La foule, impalpable, celle que l’on croise dans le métro, dans la rue, à une exposition mais aussi dans une manifestation…c’est un flot humain et chaotique qui nous submerge, telle une vague contre laquelle on ne peut lutter. Mardi dernier, le président de la République a estimé, devant les parlementaires de la majorité, que « la foule » de manifestants opposés à la réforme des retraites n’avait « pas de légitimité » face « au peuple qui s’exprime à travers ses élus », accentuant un peu plus le fossé avec les citoyens.
La foule à la fois un phénomène physique mais c’est aussi un phénomène de pensée collective. Comportements d’imitation, contagion sociale, groupes sociaux aux intérêts partagés, la foule semble former un tout, un miroir grossissant de ce qui traverse les individus.
Le mot foule fin du verbe latin fullare qui signifie fouler, presser. La foule écrase, pèse et presse. Le mot n’est utilisé par la suite qu’au XIIème siècle. En anglais, on utilise le terme crowd qui a la même racine (saxon creodan qui signifie presser) et en espagnol « multitude » qui insiste uniquement sur la quantité.

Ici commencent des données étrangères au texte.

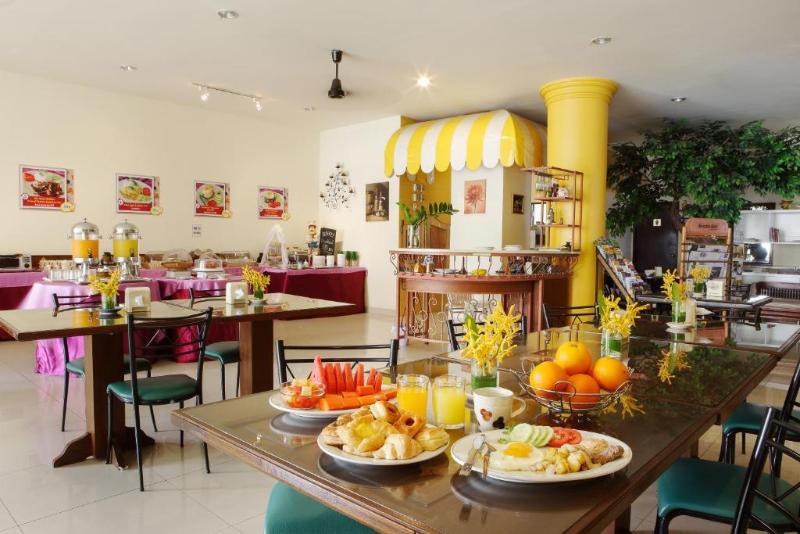People Place Boutique in Town Hotel by ZUZU - Restoran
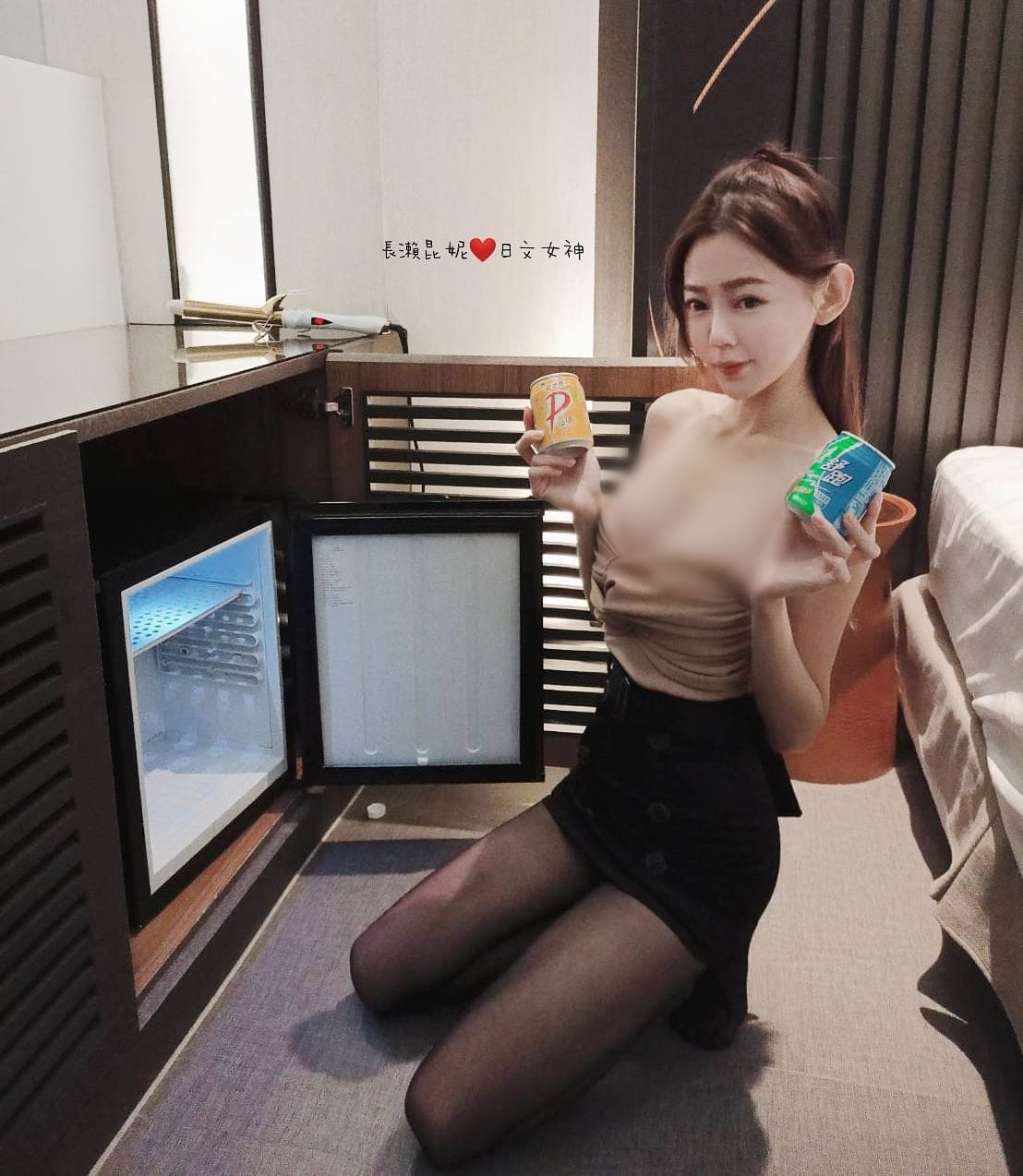 Cô nàng đặc biệt tự hào về vòng một khủng của mình, vì vậy, khi lựa chọn trang phục cũng thường chọn những trang phục khoe được tối đa đôi gò bồng đảo.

La foule échappe donc à la possibilité d’être dénombrée, on peut simplement en saisir la multitude, elle renvoie à un rassemblement d’individus humains, sans pour autant être un sujet, puisqu’elle désigne non pas ce qu’elle est mais ce qu’elle fait (d’où les mouvements de foule par exemple). Quels sont les liens entre les individus qui la compose, sont-ils structurants ? Aristote dans les Politiques tente de définir la masse de la population de la cité. Il utilise le terme demos quand il s’agit de désigner les individus qui composent politiquement la cité mais aussi plethos qui signifie la multitude, la réunion de singularités éparpillées. Ainsi, la foule produit des effets mais c’est un stade primitif de l’action nécessitant une transformation pour jouer pleinement un rôle politique en devenant demos. Car la foule rappelle la horde, elle peut donc être sauvage et instinctive…on le voit d’ailleurs au moment des manifestations. Heidegger propose une conception un peu différente de celle-ci : il s’agit d’un On (das Man) collectif à la frontière entre le « nous » et le « ils » qui trahit toute son extériorité.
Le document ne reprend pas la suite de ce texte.